Automatic compaction is less dramatic but more common. A harness detects that the context has reached eighty percent capacity and compacts in the background. It keeps the current task description, the list of modified files, recent test results, and the active plan. Older exchanges get condensed to a few sentences each. The agent keeps working. The developer may not even notice it happened.

Consequences

Compaction extends the useful life of a conversation, letting complex tasks proceed without losing all accumulated context. It’s most valuable for tasks that resist decomposition into independent subagent subtasks, where the work is genuinely sequential and each step depends on the previous one.
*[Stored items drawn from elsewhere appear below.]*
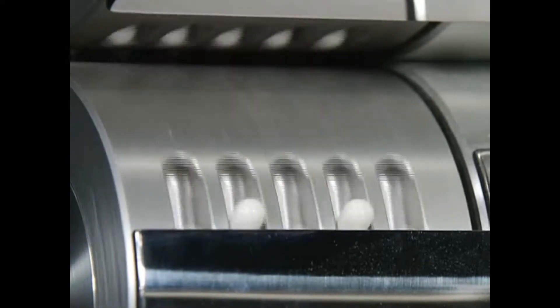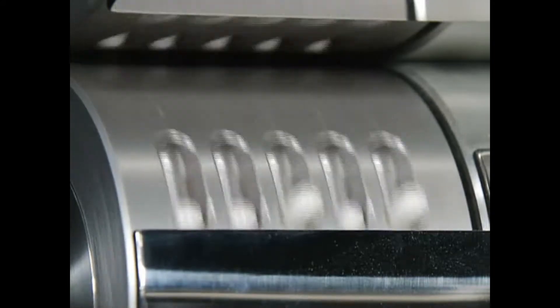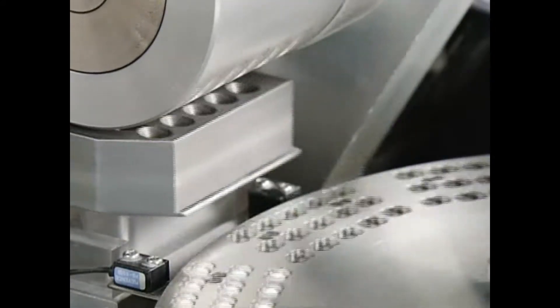Based on Qualacap's many years of experience, cavity pocket measurements are designed to prevent defects such as cracks, telescopes or dents.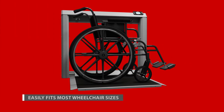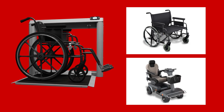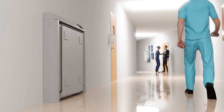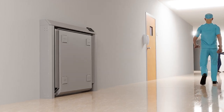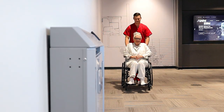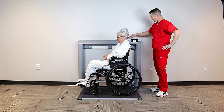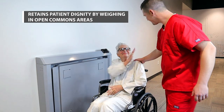The 7550 easily accommodates most wheelchair sizes, including most power wheelchairs. The slim 7-inch (18 centimeter) profile takes up minimal space when installed in a medical facility hallway, clinical office, or patient room. This method of care retains patient dignity by weighing in open commons areas instead of back rooms or closets.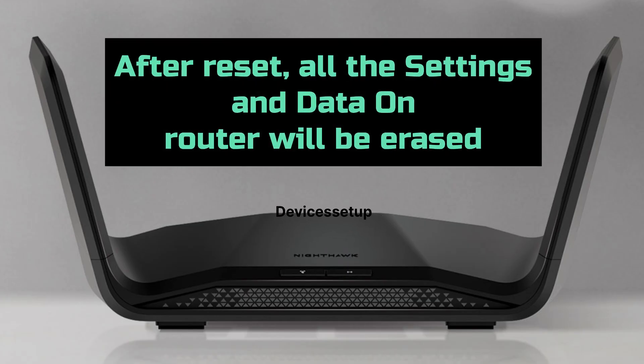So before we start, kindly note that after reset, the router will go back to its factory default settings. That means all the settings or the data on the router will be erased or lost.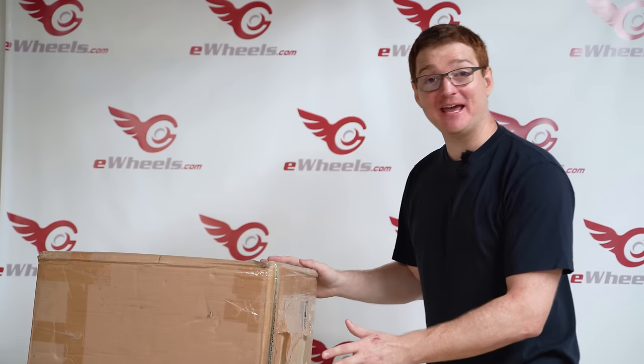This is the most exciting day ever on the Ginger on Wheels YouTube channel. Inside this box, thanks to eWheels, is a Weped FS.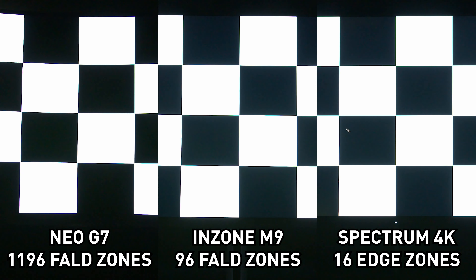On the dual corner box test, the Neo G7's 1000-plus zones produce only a very small bloom extending a short distance from the illuminated object in the corner. With 96 zones the bloom extends quite a bit further, which makes sense given the 10x fewer dimming zones. For edge-lit dimming the blooming extends vertically all the way to the monitor edges due to the vertical zone arrangement, plus extends outward as well — giving quite significant haloing. Even the 96-zone image looks considerably better than the edge-lit result in this test.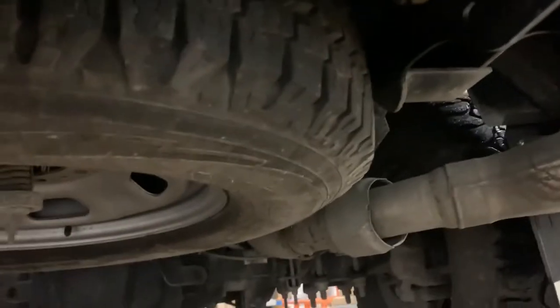Then just slide down underneath your truck. On the passenger side, right underneath the bumper and right beside the spare tire, you're going to see that white connector. It's very obvious on the Super Duties — big white connector, male and female.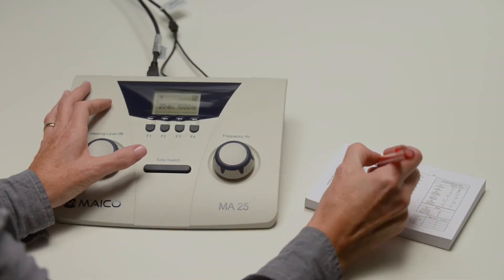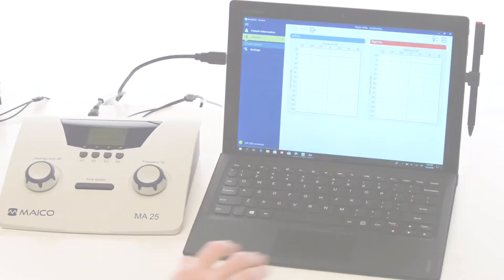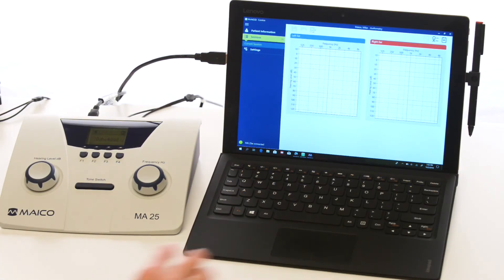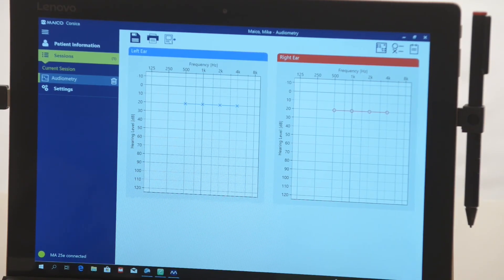Results can be captured on the included audiogram pad. There is also an e-version model to store results in the device and allow PC transfer. The device must be connected to the PC while the testing is being performed. Results are not stored in the device after it is turned off.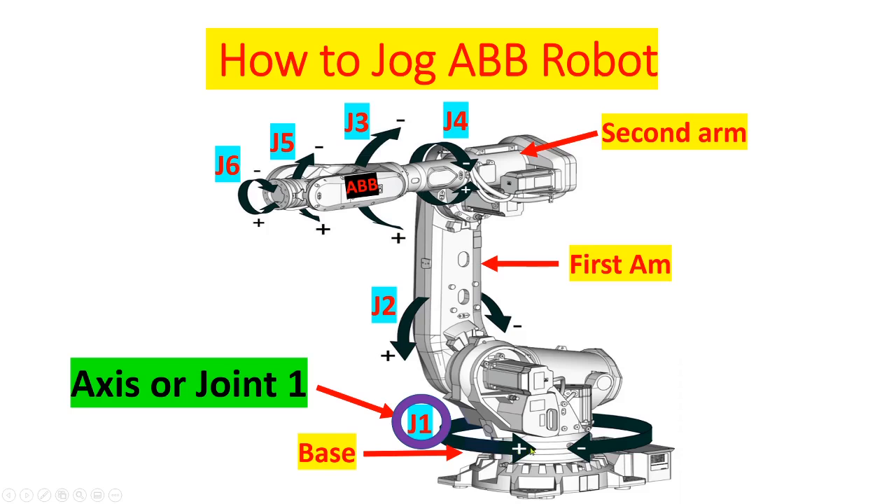This is the base, this is the first arm, and this is the second arm. And these are joint 1, joint 2, joint 3, joint 4, joint 5, and joint 6.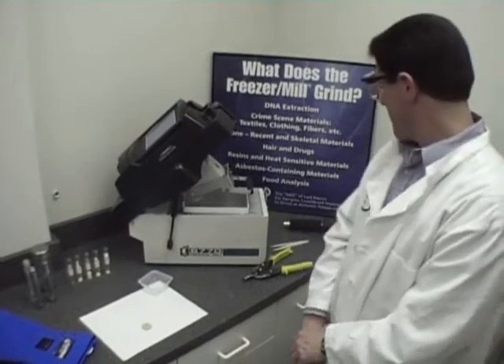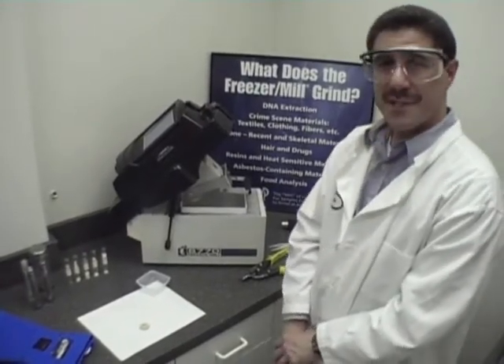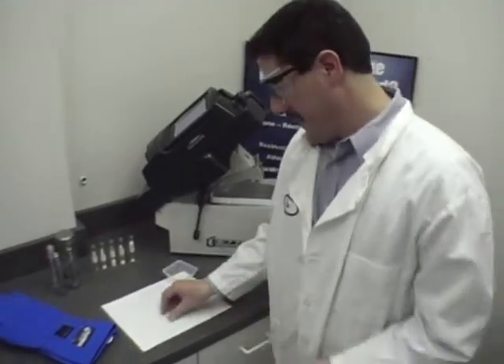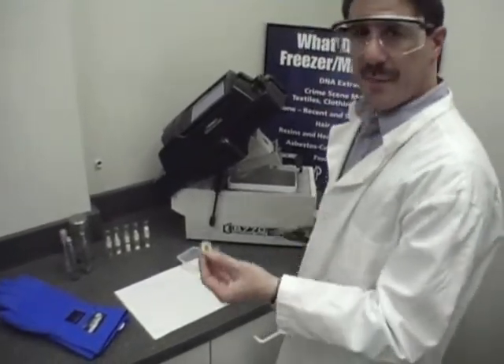The Freezer Mill is sometimes known as the mill of last resort for samples that were once considered impossible to grind at room temperature. Today, just for example, we're going to be grinding a piece of leather.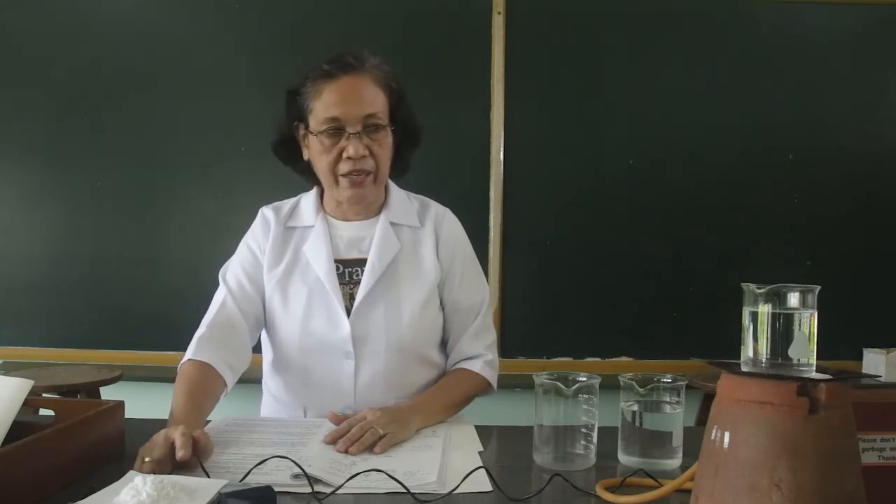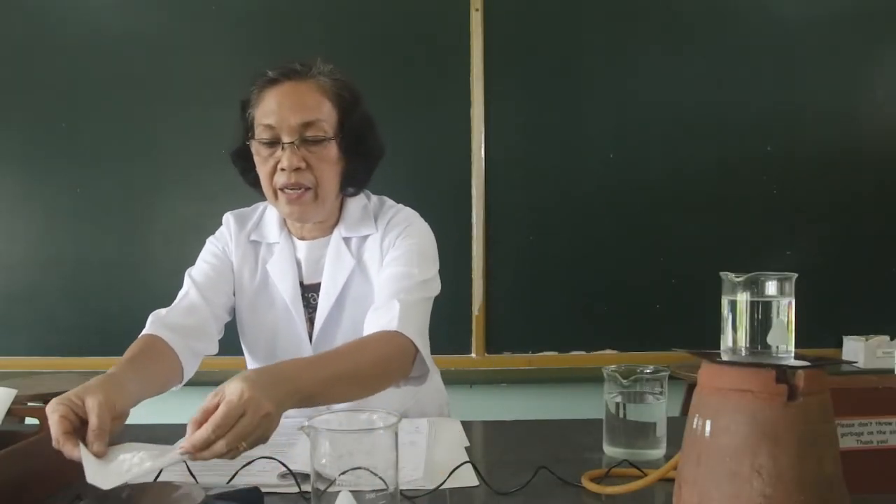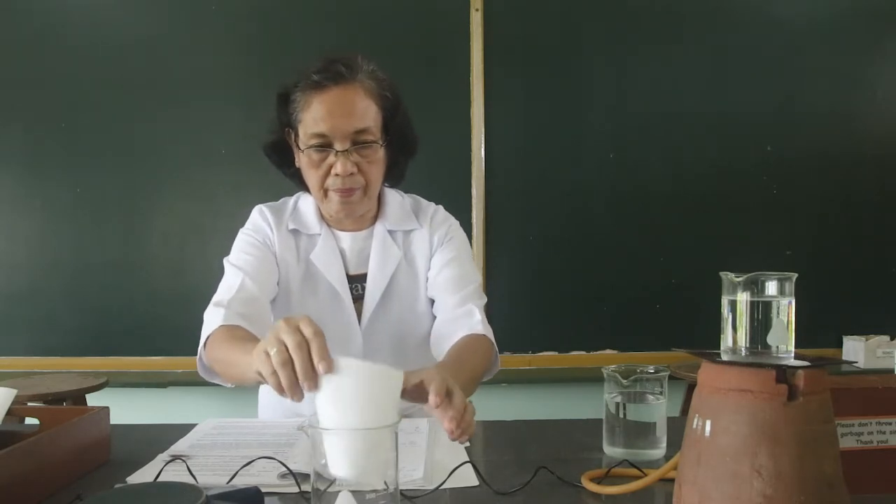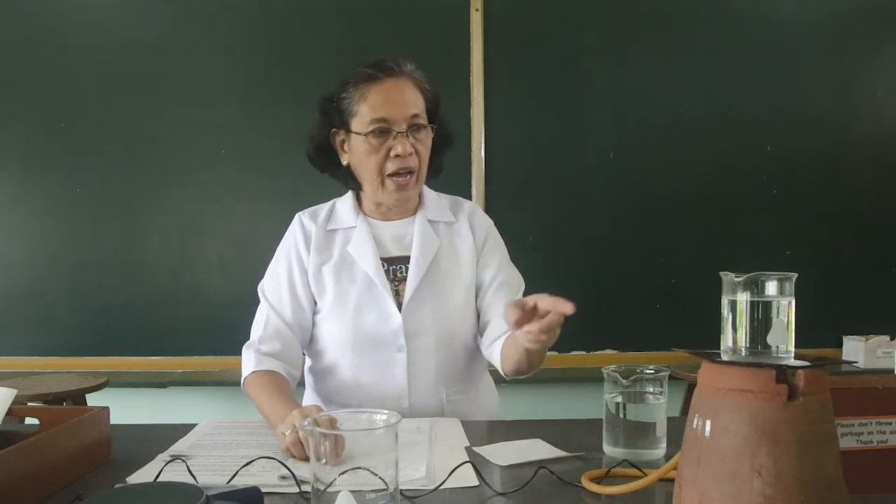As you can see here, it is already 6.8 grams. So this is the acetanilide. Let us transfer these acetanilide crystals into the beaker. And with the use of the hot water, we are going to dissolve it.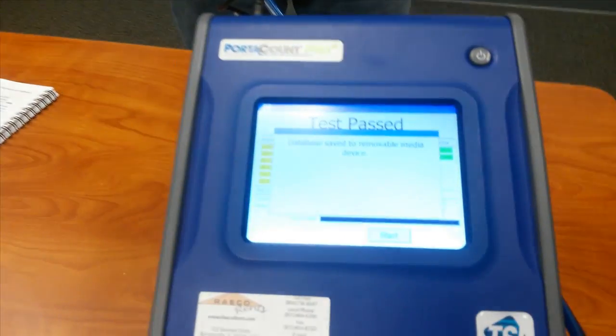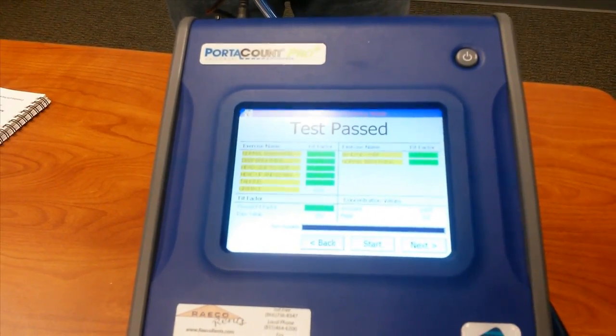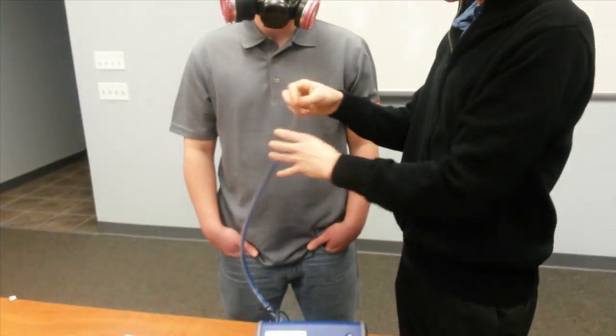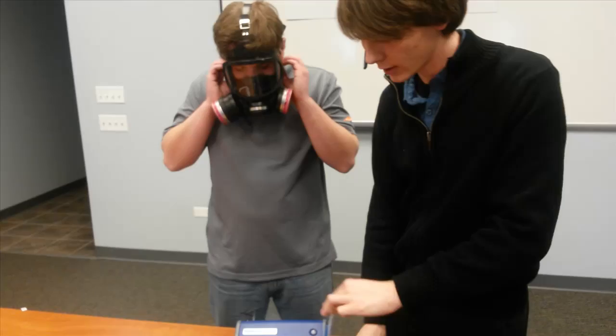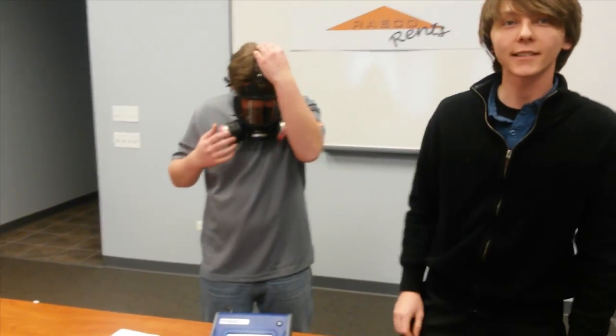Now that it's finished, it's going to save the results onto the database that you selected. Go ahead and disconnect the clear tube from the respirator, remove the mask, and that's how you run a fit test on the TSI PortaCount.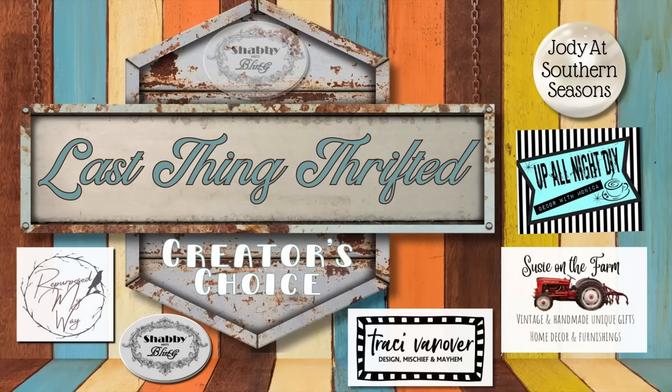Hello friends, welcome to my channel. Today I'm participating in a collaboration with some fabulous gals: Dawn from Shabby Meets Bling, Monica from Up All Night DIY, Tracy Van Over, Susie from Susie on the Farm, and Shelly from Repurpose My Way. We are doing Last Thing Thrifted, so let's see what I found at the thrift store.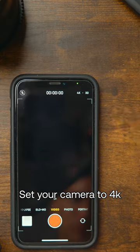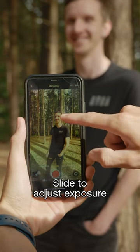Make sure your camera is set to 4K, select your frame rate, then tap your subject and slide up or down on the screen to adjust the exposure. Give it a quick color grade in your free editor and you're done.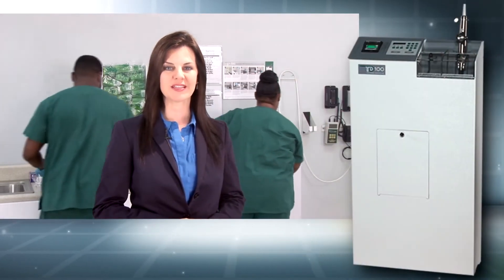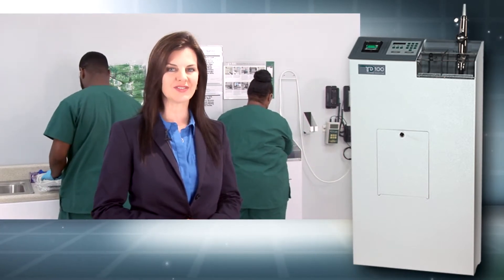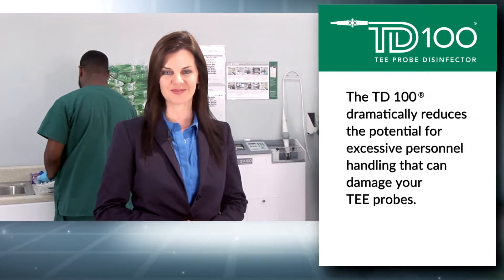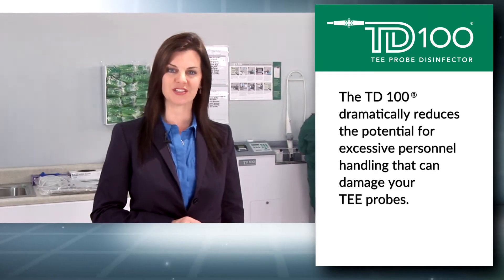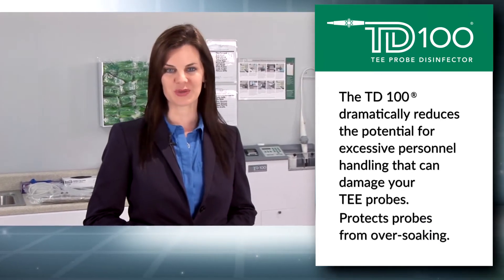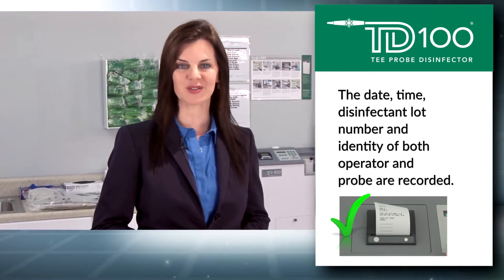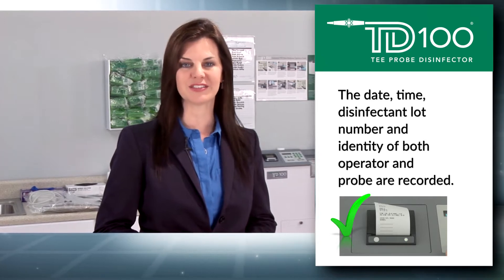The TD100 automated disinfector is FDA cleared to provide high-level disinfection of TEE ultrasound probes while reducing operator exposure to the disinfectant. The TD100 also helps minimize probe damage due to excessive personnel handling and eliminates the potential for over-soaking. A printed verification record is generated at the conclusion of each disinfection cycle to confirm the TEE probe has been successfully high-level disinfected.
The cost is information loss. Summarization discards detail. A fact that seemed unimportant at compaction time may prove critical later. You can mitigate this by keeping summaries thorough about decisions and state, even at the expense of verbosity, and by maintaining a progress log outside the conversation as a durable backup.

Sources

The concept of compaction as conversation summarization emerged from the agentic coding community in 2024-2025 as context windows became the primary bottleneck in extended agent sessions. Anthropic’s Claude Code introduced automatic compaction with configurable thresholds, establishing the pattern of harness-managed context recycling. The term draws an analogy from database compaction (merging and deduplicating stored data), applied to the conversational context that accumulates during agent work.

  • Depends on: Context Window – compaction addresses context window limits.
  • Contrasts with: Thread-per-Task – starting fresh is the alternative to compacting.
  • Enables: Progress Log – compaction summaries can feed the progress log.
  • Uses: Context Engineering – compaction is a context engineering technique.
  • Depends on: Harness (Agentic) – many harnesses perform compaction automatically.